## YOUR TASK
When the listing below reaches the line that has "Nuestra cabaña está", start reproducing exactly; stop after the line that has "Photo 12 — 7813", and drop the pictures.

## DATA PROVIDED
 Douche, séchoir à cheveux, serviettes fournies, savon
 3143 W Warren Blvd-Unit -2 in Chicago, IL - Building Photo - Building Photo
--
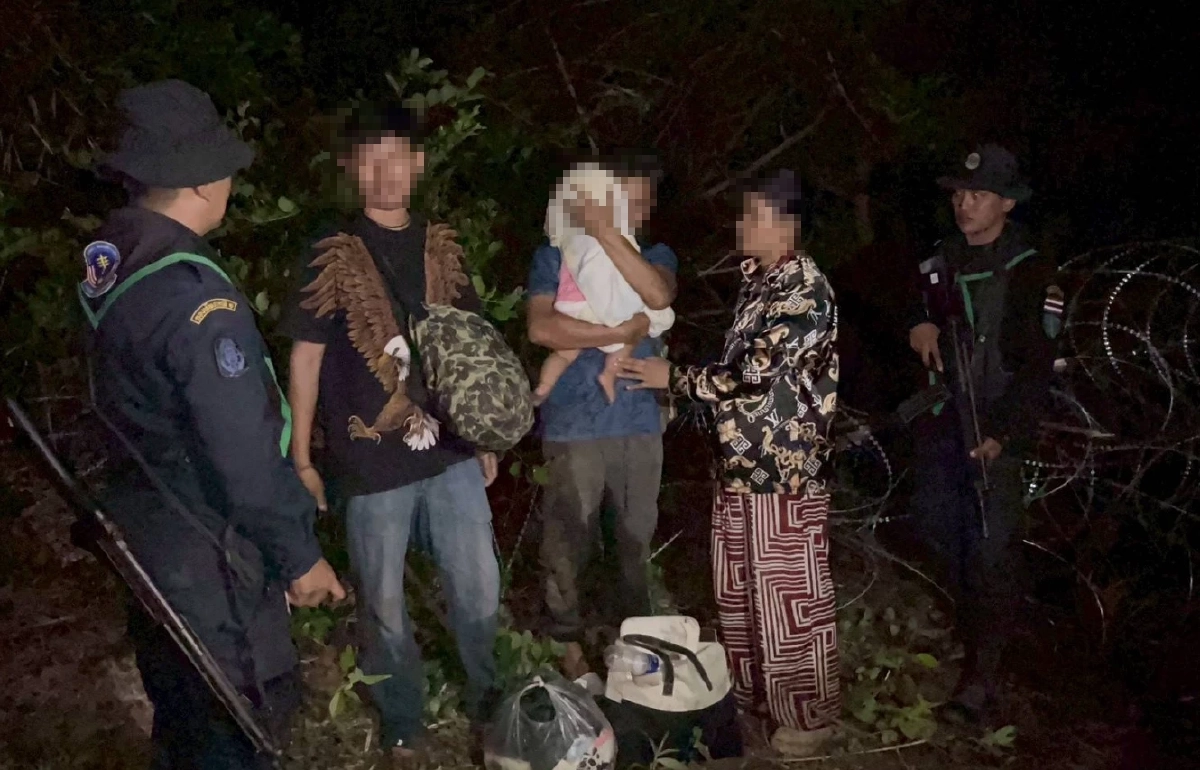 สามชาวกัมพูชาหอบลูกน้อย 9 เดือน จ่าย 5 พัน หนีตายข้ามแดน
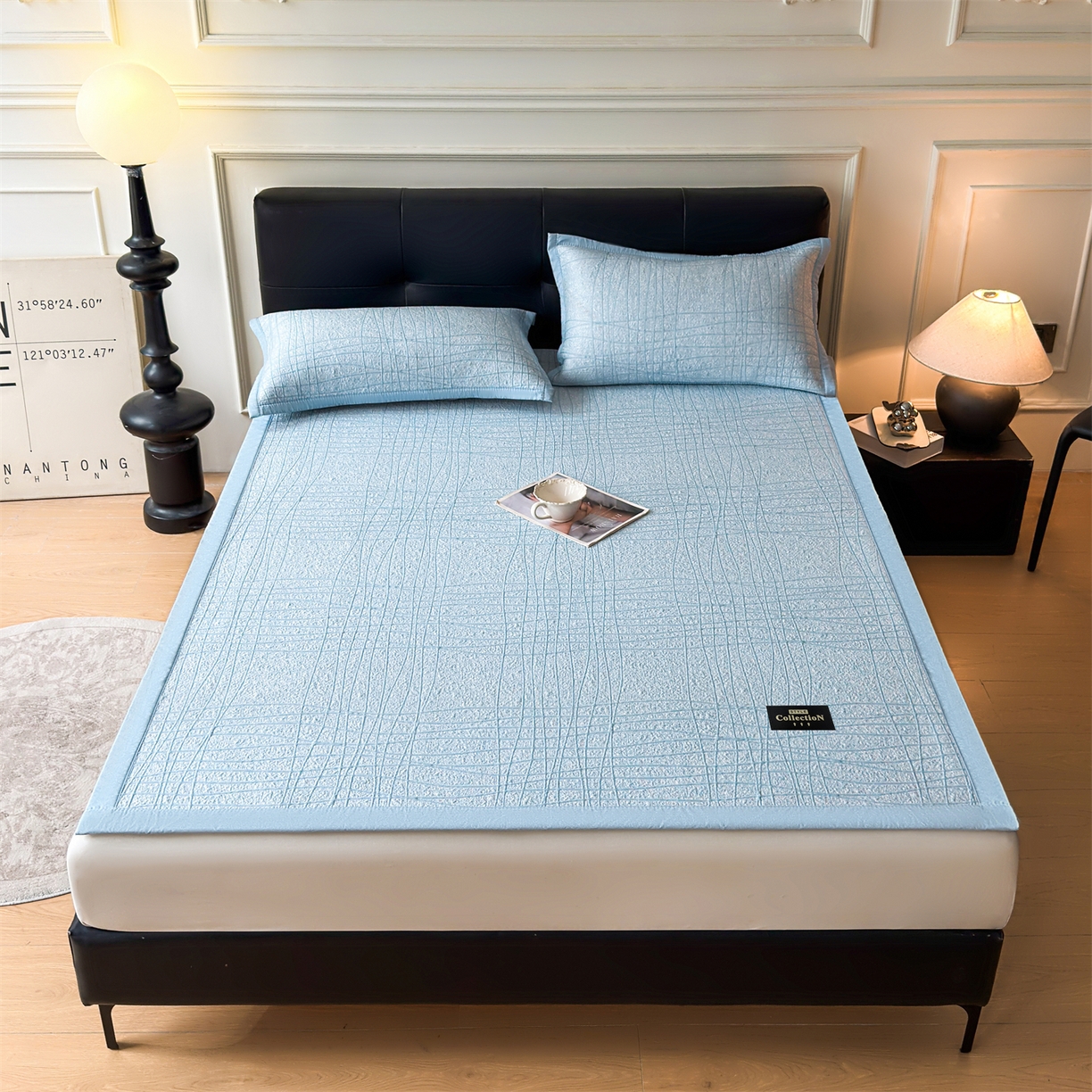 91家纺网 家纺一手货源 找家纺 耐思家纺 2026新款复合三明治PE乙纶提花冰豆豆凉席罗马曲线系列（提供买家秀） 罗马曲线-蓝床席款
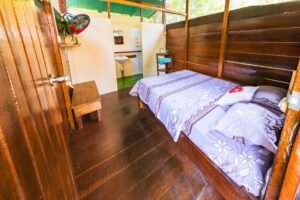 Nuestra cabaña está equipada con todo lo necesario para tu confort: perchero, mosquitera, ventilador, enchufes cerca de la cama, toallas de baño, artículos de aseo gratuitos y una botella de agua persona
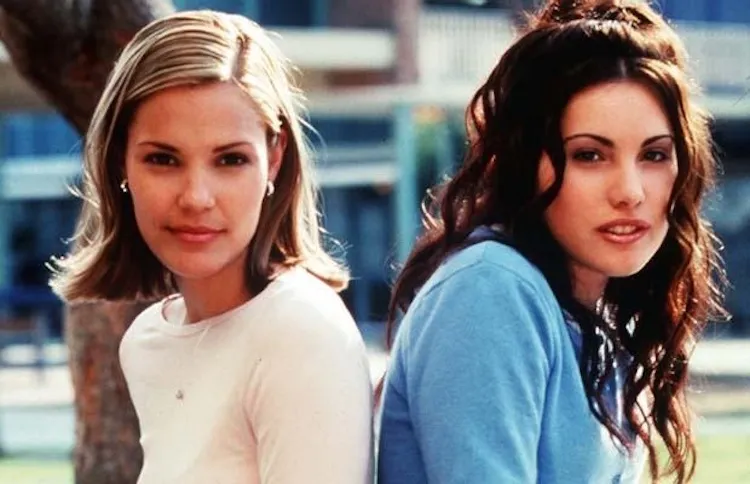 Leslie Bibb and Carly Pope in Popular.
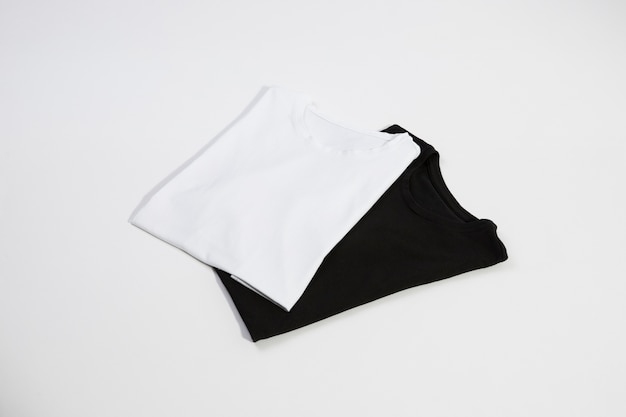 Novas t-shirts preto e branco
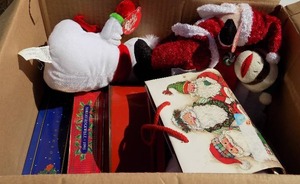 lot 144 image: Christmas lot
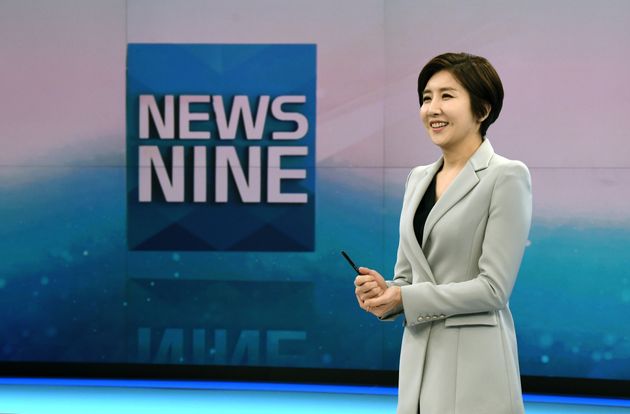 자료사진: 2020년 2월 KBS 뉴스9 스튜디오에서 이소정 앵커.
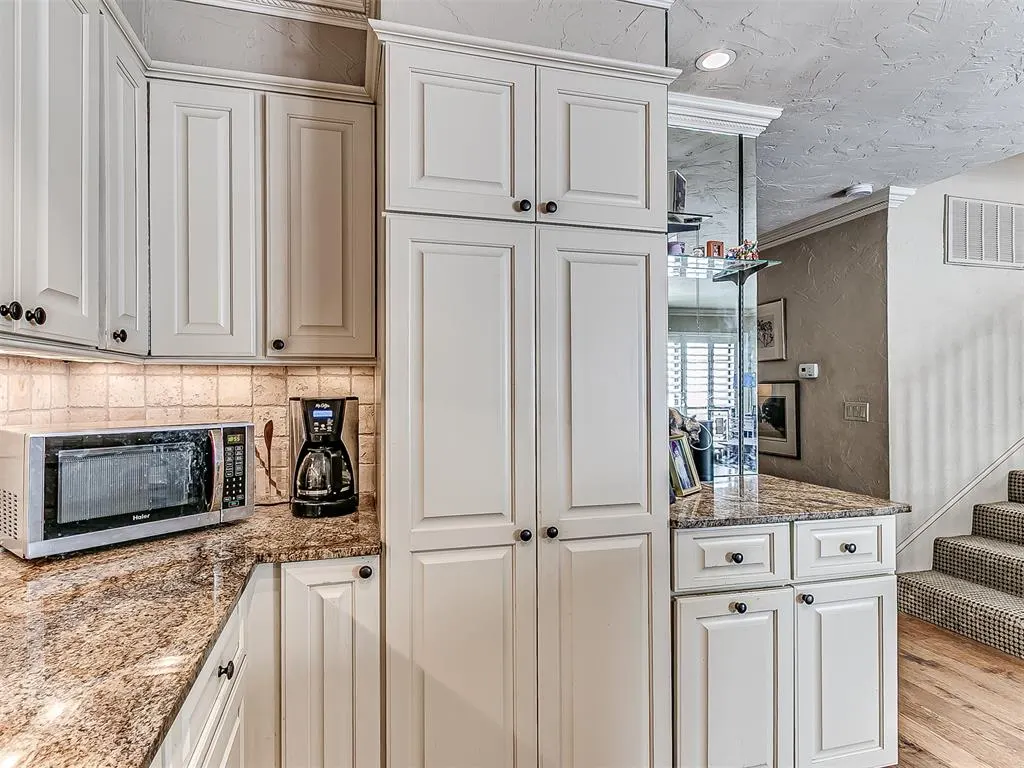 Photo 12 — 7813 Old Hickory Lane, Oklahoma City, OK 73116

## SOLUTION BELOW
 Nuestra cabaña está equipada con todo lo necesario para tu confort: perchero, mosquitera, ventilador, enchufes cerca de la cama, toallas de baño, artículos de aseo gratuitos y una botella de agua persona
 Leslie Bibb and Carly Pope in Popular.
 Novas t-shirts preto e branco
 lot 144 image: Christmas lot
 자료사진: 2020년 2월 KBS 뉴스9 스튜디오에서 이소정 앵커.
 Photo 12 — 7813 Old Hickory Lane, Oklahoma City, OK 73116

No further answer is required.